- Slug: BC-CNS-Crossfire. 1,895 words.
- 6 photos and captions below
- Video, courtesy of Luis Ferre, is here.
By Julian Hernandez
TUCSON – “Yo soy Xicano!” screamed Telpochtli Moreno-Cordova, vocalist for Crossfire.
Many audience members in the semicircle that formed around the hardcore quartet nodded their heads and clapped for Moreno’s statement of identity as Xicano, an alternative spelling of Chicano. Chicano originally was used as a pejorative against Mexicans and Mexican-Americans but one that was appropriated during the civil rights movement to express pride in Mexican identity.
As Crossfire began playing “Yo Soy,” a tribute to the fight of indigenous peoples against colonizers and other oppressors, an energy rippled through the fans, some of whom channeled it through movement that outsiders might consider unnecessarily violent. Bloody footprints from a split lip during the opening act crisscrossed the white tile floor.
Dozens of people of all ages gathered at the Ward6 music venue to see hardcore bands from Arizona and California perform. They came because of how hardcore music makes them feel and the way it lets them blow off energy through movement; they also came to spend time with friends.
Still others come hoping to make a difference for the migrants and indigenous peoples who make up Tucson.

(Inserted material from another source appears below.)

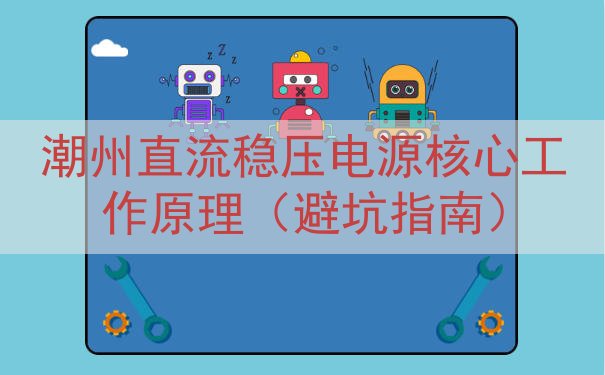 潮州直流稳压电源核心工作原理（避坑指南）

In addition to using their music to highlight issues migrant and indigenous communities face every day, Crossfire used the show to collect money for Peace and Dignity Journeys, a nonprofit organization that hosts ceremonial walks and runs that aim to connect indigenous communities across the Americas.
Hardcore and its many fans long have had a reputation among the general population of being anarchistic in theory and action, rife with profanity and indecent behavior – in general, a rabble of nihilistic troublemakers.
Although rejection of moral principles and the questioning of authority remain prevalent themes, many groups have brought their own topics to the language and music of hardcore.
Crossfire joins the long history of Latino and Chicano punk and hardcore bands that have spoken out on issues facing Latino communities.
In the 1990s, the Chicago-based hardcore band Los Crudos used their performances to educate the audience about social injustices in the United States and across Latin America.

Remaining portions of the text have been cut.